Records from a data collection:
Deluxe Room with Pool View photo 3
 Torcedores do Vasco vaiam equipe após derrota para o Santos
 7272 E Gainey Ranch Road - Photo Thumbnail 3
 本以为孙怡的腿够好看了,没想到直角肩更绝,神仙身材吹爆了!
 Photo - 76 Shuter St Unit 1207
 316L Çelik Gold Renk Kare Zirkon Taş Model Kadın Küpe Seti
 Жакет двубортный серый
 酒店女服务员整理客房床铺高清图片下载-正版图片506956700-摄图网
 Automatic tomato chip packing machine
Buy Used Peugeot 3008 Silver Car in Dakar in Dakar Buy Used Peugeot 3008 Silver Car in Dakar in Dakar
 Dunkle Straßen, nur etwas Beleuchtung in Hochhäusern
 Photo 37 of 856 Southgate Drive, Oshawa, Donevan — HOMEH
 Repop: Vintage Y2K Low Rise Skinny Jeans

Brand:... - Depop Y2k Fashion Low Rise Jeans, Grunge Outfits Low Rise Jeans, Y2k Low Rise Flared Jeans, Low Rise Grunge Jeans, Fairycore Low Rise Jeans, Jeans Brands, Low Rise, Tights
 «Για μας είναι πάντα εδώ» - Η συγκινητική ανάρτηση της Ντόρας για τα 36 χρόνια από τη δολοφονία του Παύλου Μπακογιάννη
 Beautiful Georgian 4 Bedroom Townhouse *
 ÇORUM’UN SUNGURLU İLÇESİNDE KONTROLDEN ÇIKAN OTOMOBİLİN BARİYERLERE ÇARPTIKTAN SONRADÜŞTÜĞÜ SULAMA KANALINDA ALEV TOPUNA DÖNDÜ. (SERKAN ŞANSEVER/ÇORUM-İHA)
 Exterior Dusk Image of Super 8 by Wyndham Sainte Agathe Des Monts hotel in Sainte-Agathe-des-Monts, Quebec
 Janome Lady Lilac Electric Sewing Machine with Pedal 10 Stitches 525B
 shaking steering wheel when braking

§ **About this task**: Could you repeat every record word for word?

§ **Answer to this task**:
Deluxe Room with Pool View photo 3
 Torcedores do Vasco vaiam equipe após derrota para o Santos
 7272 E Gainey Ranch Road - Photo Thumbnail 3
 本以为孙怡的腿够好看了,没想到直角肩更绝,神仙身材吹爆了!
 Photo - 76 Shuter St Unit 1207
 316L Çelik Gold Renk Kare Zirkon Taş Model Kadın Küpe Seti
 Жакет двубортный серый
 酒店女服务员整理客房床铺高清图片下载-正版图片506956700-摄图网
 Automatic tomato chip packing machine
Buy Used Peugeot 3008 Silver Car in Dakar in Dakar Buy Used Peugeot 3008 Silver Car in Dakar in Dakar
 Dunkle Straßen, nur etwas Beleuchtung in Hochhäusern
 Photo 37 of 856 Southgate Drive, Oshawa, Donevan — HOMEH
 Repop: Vintage Y2K Low Rise Skinny Jeans

Brand:... - Depop Y2k Fashion Low Rise Jeans, Grunge Outfits Low Rise Jeans, Y2k Low Rise Flared Jeans, Low Rise Grunge Jeans, Fairycore Low Rise Jeans, Jeans Brands, Low Rise, Tights
 «Για μας είναι πάντα εδώ» - Η συγκινητική ανάρτηση της Ντόρας για τα 36 χρόνια από τη δολοφονία του Παύλου Μπακογιάννη
 Beautiful Georgian 4 Bedroom Townhouse *
 ÇORUM’UN SUNGURLU İLÇESİNDE KONTROLDEN ÇIKAN OTOMOBİLİN BARİYERLERE ÇARPTIKTAN SONRADÜŞTÜĞÜ SULAMA KANALINDA ALEV TOPUNA DÖNDÜ. (SERKAN ŞANSEVER/ÇORUM-İHA)
 Exterior Dusk Image of Super 8 by Wyndham Sainte Agathe Des Monts hotel in Sainte-Agathe-des-Monts, Quebec
 Janome Lady Lilac Electric Sewing Machine with Pedal 10 Stitches 525B
 shaking steering wheel when braking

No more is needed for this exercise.